Off to Montecchio on Sunday, to garden for my lunch. Alas it was raining, so no work was possible, and that allowed me to spend far too much time in the kitchen. There, on the counter, was a large wooden chopping board neatly covered with small piles of individual organ meats, chopped. And on the stove, a large frying pan with a gently softening sofrito of onions. In went the organ meats in turn, each to enjoy its own necessary cooking time, so that at the moment of serving each would be done to perfection. Lungs and heart were first in, kidneys a while later, with pancreas and liver popped in for a quick stir just before serving. And Lord but it was delicious, with my own sourdough bread as a mop.
Just a taster though. While all that was happening on the stove top, two lamb's heads had been roasting in the oven below. Yes, whole lamb heads. Well, sliced in half, actually, straight down the middle. Very traditional. Very anatomy text book. Very hard to obtain. Cost an entire carton of cigarettes. And -- after an initial slight problem with the concept, quickly banished -- utterly toothsome. It has been a while since I last ate brains (in Albi, with the first Mrs Cherfas, as I recall) and they really are rather good. Tongue too, though I'm not sure I don't prefer it cold, with a lightly vinegared green sauce. Scraping the cheek meat off and then gnawing on a jaw will also live long in my memory. (I think clicking on the photo of the head will take you to a slide show of it all.)

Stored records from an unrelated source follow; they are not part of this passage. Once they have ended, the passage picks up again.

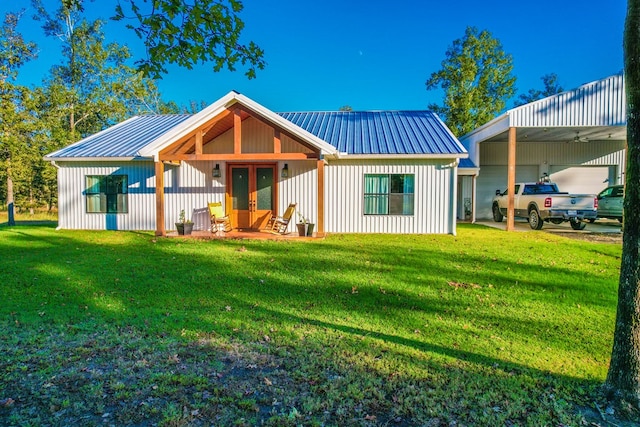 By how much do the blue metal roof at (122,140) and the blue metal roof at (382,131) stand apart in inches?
211

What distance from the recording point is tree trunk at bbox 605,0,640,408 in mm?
2600

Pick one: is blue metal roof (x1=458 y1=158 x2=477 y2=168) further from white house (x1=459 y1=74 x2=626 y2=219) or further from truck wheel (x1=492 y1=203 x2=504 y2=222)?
truck wheel (x1=492 y1=203 x2=504 y2=222)

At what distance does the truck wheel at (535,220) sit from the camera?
1320cm

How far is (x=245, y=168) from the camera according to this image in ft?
40.6

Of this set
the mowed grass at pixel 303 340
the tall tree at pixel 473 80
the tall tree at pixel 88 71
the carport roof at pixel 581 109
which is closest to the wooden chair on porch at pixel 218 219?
the mowed grass at pixel 303 340

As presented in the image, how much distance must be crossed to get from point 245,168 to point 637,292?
11028 mm

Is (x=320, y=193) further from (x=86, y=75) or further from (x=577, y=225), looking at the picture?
(x=86, y=75)

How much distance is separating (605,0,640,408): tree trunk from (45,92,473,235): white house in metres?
8.74

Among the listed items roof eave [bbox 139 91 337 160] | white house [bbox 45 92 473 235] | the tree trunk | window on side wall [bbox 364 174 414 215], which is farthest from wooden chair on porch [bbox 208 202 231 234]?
the tree trunk

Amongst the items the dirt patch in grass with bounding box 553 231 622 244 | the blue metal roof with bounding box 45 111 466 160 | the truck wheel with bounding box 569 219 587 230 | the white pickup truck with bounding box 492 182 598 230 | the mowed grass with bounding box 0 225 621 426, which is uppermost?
the blue metal roof with bounding box 45 111 466 160

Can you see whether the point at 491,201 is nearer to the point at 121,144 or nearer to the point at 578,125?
the point at 578,125

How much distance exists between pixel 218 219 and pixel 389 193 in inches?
215

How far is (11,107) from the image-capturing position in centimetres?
1507

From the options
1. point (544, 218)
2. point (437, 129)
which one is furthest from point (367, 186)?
point (544, 218) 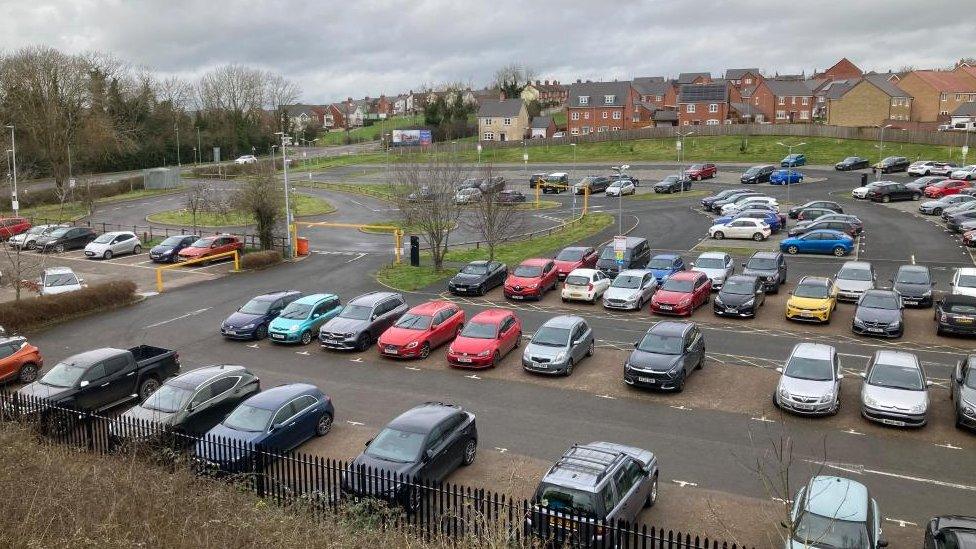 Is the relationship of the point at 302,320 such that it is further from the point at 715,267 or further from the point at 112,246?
the point at 112,246

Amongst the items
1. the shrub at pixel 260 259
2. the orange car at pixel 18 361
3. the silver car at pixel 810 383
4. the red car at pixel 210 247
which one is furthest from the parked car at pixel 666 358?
the red car at pixel 210 247

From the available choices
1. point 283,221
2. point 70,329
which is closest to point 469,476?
point 70,329

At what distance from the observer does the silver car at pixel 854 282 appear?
92.9 ft

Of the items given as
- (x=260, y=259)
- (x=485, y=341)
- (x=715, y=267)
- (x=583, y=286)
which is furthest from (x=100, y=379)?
(x=715, y=267)

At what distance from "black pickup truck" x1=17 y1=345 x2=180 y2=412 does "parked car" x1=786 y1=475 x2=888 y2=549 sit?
15515 mm

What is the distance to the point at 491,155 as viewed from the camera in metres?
96.3

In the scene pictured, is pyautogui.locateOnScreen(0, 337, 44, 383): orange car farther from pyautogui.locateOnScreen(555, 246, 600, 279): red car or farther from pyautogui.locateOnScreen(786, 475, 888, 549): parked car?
pyautogui.locateOnScreen(786, 475, 888, 549): parked car

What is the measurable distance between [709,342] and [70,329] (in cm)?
2288

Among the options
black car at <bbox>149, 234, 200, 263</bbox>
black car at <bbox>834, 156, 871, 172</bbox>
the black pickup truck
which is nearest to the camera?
the black pickup truck

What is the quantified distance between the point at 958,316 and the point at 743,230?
18201 mm

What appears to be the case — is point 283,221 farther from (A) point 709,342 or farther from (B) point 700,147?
(B) point 700,147

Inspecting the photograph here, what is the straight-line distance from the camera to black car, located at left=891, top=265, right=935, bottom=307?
27.3 m

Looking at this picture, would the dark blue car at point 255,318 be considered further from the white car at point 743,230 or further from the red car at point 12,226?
the red car at point 12,226

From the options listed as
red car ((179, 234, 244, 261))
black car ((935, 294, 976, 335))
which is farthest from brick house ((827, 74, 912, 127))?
red car ((179, 234, 244, 261)) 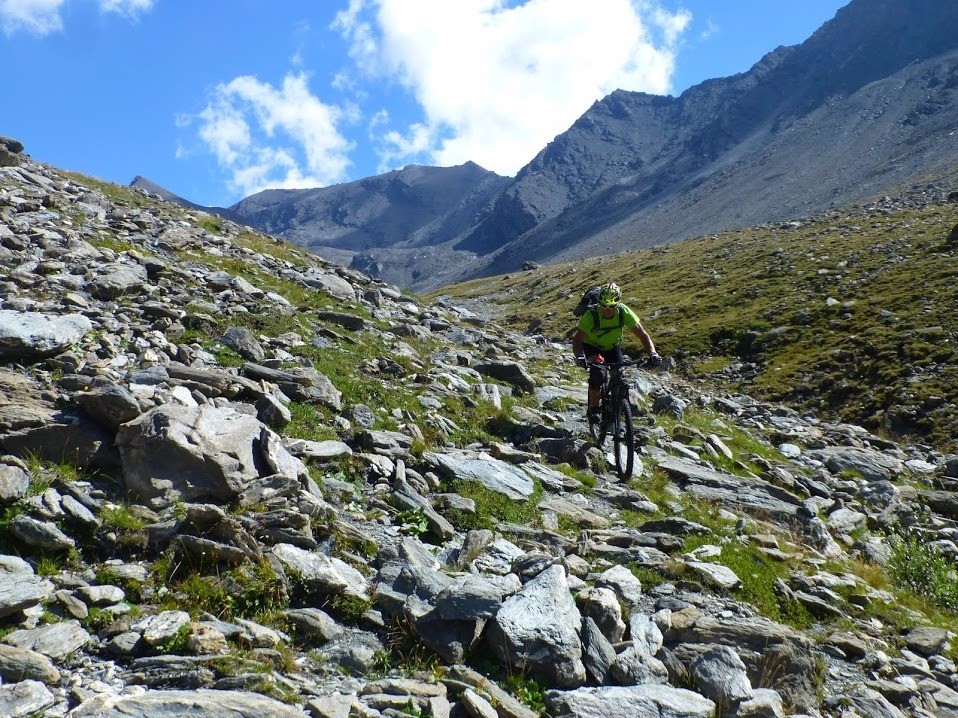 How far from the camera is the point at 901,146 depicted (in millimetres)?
135875

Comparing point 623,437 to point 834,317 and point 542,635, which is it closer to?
point 542,635

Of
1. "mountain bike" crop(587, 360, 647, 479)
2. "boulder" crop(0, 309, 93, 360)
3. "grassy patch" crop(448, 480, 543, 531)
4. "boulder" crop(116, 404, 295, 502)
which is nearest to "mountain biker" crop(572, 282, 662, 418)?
"mountain bike" crop(587, 360, 647, 479)

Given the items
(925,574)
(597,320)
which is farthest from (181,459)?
(925,574)

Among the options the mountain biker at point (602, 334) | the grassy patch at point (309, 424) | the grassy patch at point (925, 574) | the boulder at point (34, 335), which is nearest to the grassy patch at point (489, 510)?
the grassy patch at point (309, 424)

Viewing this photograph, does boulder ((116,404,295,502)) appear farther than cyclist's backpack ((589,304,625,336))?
No

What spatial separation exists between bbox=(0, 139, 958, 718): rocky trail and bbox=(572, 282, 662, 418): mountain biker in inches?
56.6

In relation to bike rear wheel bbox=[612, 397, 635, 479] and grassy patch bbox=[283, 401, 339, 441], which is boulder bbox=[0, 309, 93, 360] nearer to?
grassy patch bbox=[283, 401, 339, 441]

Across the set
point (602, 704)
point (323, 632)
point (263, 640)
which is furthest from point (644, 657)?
point (263, 640)

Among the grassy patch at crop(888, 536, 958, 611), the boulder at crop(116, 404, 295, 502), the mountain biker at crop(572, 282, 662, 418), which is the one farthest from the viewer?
the mountain biker at crop(572, 282, 662, 418)

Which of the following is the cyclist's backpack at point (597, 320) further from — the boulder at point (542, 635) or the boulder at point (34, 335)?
the boulder at point (34, 335)

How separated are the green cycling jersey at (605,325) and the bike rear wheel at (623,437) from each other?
1350 millimetres

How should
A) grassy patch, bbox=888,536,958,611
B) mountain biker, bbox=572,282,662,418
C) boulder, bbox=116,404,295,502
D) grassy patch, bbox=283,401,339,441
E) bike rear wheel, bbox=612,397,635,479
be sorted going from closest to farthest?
boulder, bbox=116,404,295,502, grassy patch, bbox=888,536,958,611, grassy patch, bbox=283,401,339,441, bike rear wheel, bbox=612,397,635,479, mountain biker, bbox=572,282,662,418

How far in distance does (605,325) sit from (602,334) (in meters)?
0.20

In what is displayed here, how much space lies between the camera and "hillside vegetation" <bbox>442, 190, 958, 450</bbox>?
2333 centimetres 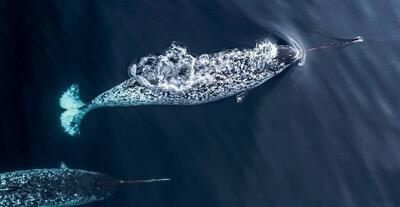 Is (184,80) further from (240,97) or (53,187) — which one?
(53,187)

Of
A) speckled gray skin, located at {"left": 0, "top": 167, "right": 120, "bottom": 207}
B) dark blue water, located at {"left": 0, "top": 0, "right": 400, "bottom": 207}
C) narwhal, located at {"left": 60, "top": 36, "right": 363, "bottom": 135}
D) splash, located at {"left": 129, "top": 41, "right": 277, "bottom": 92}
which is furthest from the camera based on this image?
splash, located at {"left": 129, "top": 41, "right": 277, "bottom": 92}

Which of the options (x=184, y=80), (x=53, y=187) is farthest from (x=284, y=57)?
(x=53, y=187)

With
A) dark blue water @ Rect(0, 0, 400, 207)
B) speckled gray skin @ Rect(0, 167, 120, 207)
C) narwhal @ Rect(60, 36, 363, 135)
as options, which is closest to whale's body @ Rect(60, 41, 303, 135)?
narwhal @ Rect(60, 36, 363, 135)

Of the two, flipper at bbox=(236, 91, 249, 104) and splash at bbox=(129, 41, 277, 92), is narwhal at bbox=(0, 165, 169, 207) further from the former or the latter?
flipper at bbox=(236, 91, 249, 104)

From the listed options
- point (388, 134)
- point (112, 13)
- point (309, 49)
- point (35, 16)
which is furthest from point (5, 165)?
point (388, 134)

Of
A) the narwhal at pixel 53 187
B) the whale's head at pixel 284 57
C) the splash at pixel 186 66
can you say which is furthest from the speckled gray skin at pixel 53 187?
the whale's head at pixel 284 57

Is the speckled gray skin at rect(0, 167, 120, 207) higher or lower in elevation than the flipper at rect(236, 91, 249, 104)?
lower

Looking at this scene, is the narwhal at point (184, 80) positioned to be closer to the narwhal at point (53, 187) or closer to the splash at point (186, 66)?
the splash at point (186, 66) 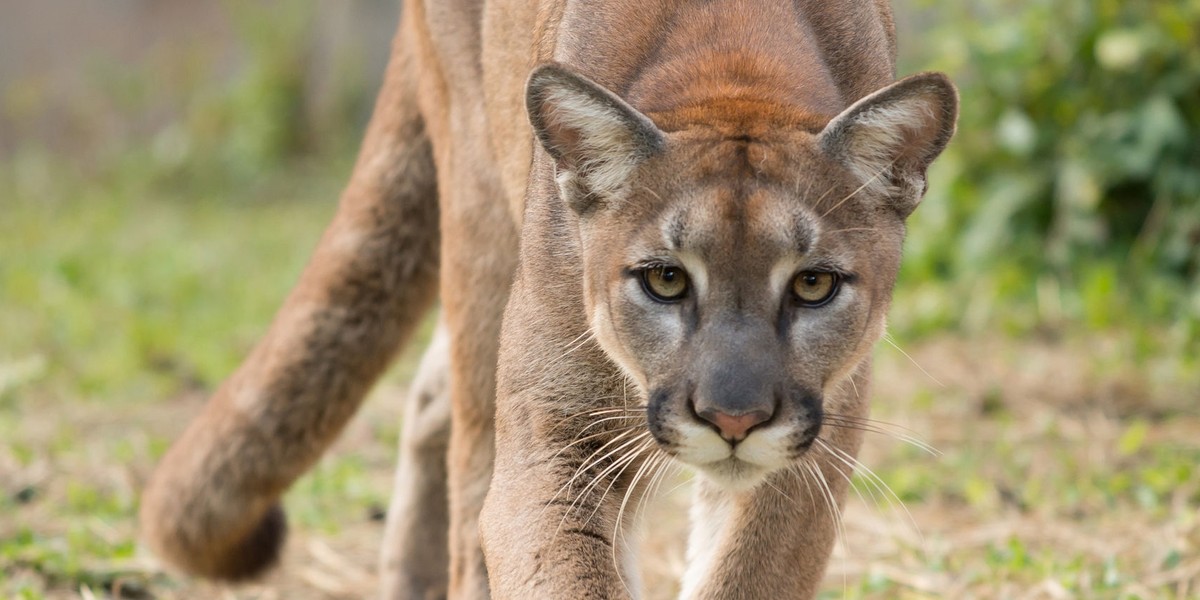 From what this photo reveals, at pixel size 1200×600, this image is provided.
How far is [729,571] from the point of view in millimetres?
3475

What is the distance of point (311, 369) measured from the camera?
474cm

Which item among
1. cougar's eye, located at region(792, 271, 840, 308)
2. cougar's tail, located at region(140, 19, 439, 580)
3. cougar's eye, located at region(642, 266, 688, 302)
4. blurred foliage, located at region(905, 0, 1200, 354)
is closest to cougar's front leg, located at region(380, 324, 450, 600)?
cougar's tail, located at region(140, 19, 439, 580)

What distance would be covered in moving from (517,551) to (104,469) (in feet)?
9.84

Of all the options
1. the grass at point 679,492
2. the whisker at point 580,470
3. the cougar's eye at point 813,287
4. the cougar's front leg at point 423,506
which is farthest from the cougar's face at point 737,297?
the cougar's front leg at point 423,506

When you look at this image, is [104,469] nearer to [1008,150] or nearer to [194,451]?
[194,451]

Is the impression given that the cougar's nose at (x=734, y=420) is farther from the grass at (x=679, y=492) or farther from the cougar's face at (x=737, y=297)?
the grass at (x=679, y=492)

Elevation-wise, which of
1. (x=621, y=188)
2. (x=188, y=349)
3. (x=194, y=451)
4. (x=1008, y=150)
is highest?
(x=621, y=188)

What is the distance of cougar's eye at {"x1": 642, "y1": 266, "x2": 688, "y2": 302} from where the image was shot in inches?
126

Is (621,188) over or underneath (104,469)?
over

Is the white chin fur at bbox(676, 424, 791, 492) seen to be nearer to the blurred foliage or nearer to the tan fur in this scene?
the tan fur

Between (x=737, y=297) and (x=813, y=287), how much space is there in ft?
0.65

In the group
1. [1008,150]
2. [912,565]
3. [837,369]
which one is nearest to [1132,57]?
[1008,150]

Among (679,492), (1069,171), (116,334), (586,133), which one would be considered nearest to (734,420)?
(586,133)

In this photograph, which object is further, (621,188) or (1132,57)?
(1132,57) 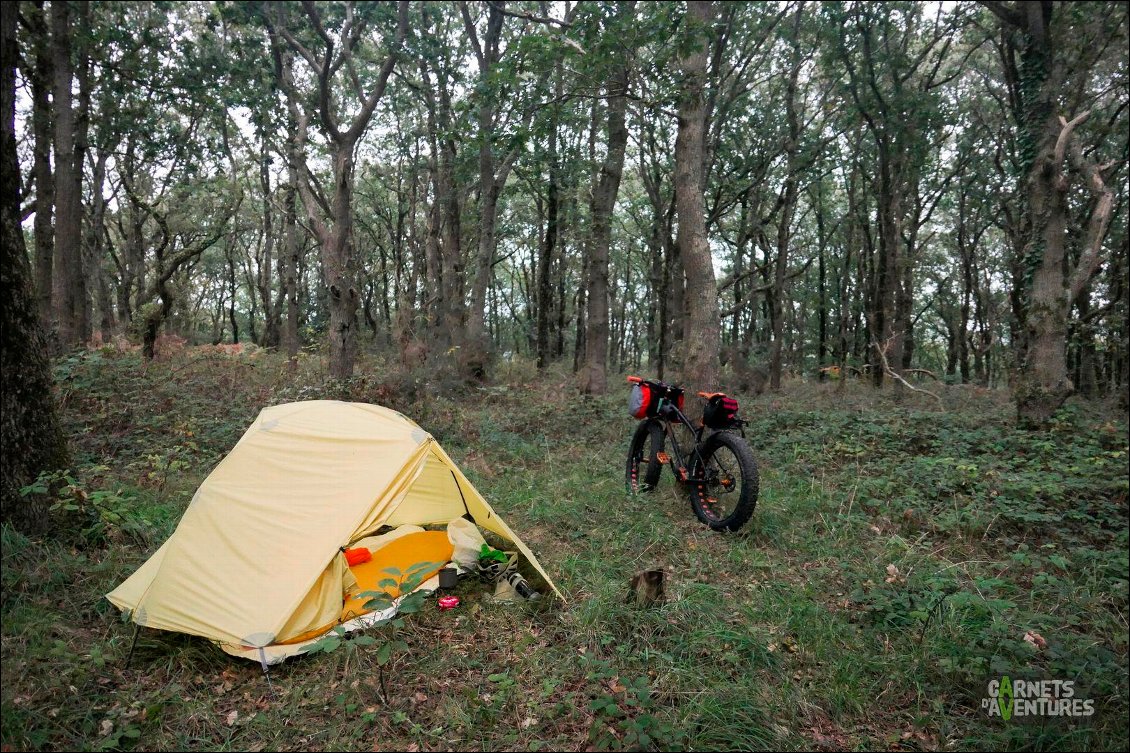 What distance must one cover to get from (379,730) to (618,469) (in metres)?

And as if that weren't enough, there was the rest of the lamb, the body of the lamb as one guest called it (having refused the previous two courses). And that was good too, although, I have to say, just a little fatty. But hey, who's complaining?
After which, the only possible thing to do was lie in front of the fire and digest. Which I did.
So, grateful thanks to Joanne and Mara, who cooked and helped me deal with my head on a plate.